** Data for this task follows **

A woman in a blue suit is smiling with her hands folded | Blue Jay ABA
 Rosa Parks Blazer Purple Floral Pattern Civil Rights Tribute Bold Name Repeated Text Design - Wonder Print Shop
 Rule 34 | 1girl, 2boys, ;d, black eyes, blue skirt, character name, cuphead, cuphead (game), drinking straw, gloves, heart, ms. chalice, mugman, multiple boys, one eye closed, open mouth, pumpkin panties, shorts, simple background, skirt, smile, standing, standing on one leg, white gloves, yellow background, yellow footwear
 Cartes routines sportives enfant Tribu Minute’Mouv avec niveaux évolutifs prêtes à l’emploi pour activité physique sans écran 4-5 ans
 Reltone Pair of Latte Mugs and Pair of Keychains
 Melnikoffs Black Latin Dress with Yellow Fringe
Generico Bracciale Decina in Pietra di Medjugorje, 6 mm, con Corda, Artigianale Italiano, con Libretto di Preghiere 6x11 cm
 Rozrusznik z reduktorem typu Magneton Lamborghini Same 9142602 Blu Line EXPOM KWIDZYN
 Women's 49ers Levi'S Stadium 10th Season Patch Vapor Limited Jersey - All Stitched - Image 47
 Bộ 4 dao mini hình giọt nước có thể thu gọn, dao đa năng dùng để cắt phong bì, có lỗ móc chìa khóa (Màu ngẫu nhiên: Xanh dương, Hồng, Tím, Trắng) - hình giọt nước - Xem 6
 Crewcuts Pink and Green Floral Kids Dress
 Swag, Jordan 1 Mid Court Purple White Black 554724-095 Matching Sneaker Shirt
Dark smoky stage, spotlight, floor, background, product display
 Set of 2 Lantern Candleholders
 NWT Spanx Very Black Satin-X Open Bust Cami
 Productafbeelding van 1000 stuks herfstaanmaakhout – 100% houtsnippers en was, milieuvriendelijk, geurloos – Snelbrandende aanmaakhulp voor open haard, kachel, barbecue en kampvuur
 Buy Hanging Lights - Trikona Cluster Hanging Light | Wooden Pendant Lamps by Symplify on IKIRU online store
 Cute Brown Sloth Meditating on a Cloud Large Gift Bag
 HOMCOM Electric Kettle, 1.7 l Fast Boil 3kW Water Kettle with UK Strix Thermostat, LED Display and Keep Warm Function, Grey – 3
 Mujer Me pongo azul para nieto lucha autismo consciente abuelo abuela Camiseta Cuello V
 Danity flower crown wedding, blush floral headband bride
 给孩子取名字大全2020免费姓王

** End of Data for this task **

Your objective: Return every record above. Copy each one exactly.

Solution to this exercise:
A woman in a blue suit is smiling with her hands folded | Blue Jay ABA
 Rosa Parks Blazer Purple Floral Pattern Civil Rights Tribute Bold Name Repeated Text Design - Wonder Print Shop
 Rule 34 | 1girl, 2boys, ;d, black eyes, blue skirt, character name, cuphead, cuphead (game), drinking straw, gloves, heart, ms. chalice, mugman, multiple boys, one eye closed, open mouth, pumpkin panties, shorts, simple background, skirt, smile, standing, standing on one leg, white gloves, yellow background, yellow footwear
 Cartes routines sportives enfant Tribu Minute’Mouv avec niveaux évolutifs prêtes à l’emploi pour activité physique sans écran 4-5 ans
 Reltone Pair of Latte Mugs and Pair of Keychains
 Melnikoffs Black Latin Dress with Yellow Fringe
Generico Bracciale Decina in Pietra di Medjugorje, 6 mm, con Corda, Artigianale Italiano, con Libretto di Preghiere 6x11 cm
 Rozrusznik z reduktorem typu Magneton Lamborghini Same 9142602 Blu Line EXPOM KWIDZYN
 Women's 49ers Levi'S Stadium 10th Season Patch Vapor Limited Jersey - All Stitched - Image 47
 Bộ 4 dao mini hình giọt nước có thể thu gọn, dao đa năng dùng để cắt phong bì, có lỗ móc chìa khóa (Màu ngẫu nhiên: Xanh dương, Hồng, Tím, Trắng) - hình giọt nước - Xem 6
 Crewcuts Pink and Green Floral Kids Dress
 Swag, Jordan 1 Mid Court Purple White Black 554724-095 Matching Sneaker Shirt
Dark smoky stage, spotlight, floor, background, product display
 Set of 2 Lantern Candleholders
 NWT Spanx Very Black Satin-X Open Bust Cami
 Productafbeelding van 1000 stuks herfstaanmaakhout – 100% houtsnippers en was, milieuvriendelijk, geurloos – Snelbrandende aanmaakhulp voor open haard, kachel, barbecue en kampvuur
 Buy Hanging Lights - Trikona Cluster Hanging Light | Wooden Pendant Lamps by Symplify on IKIRU online store
 Cute Brown Sloth Meditating on a Cloud Large Gift Bag
 HOMCOM Electric Kettle, 1.7 l Fast Boil 3kW Water Kettle with UK Strix Thermostat, LED Display and Keep Warm Function, Grey – 3
 Mujer Me pongo azul para nieto lucha autismo consciente abuelo abuela Camiseta Cuello V
 Danity flower crown wedding, blush floral headband bride
 给孩子取名字大全2020免费姓王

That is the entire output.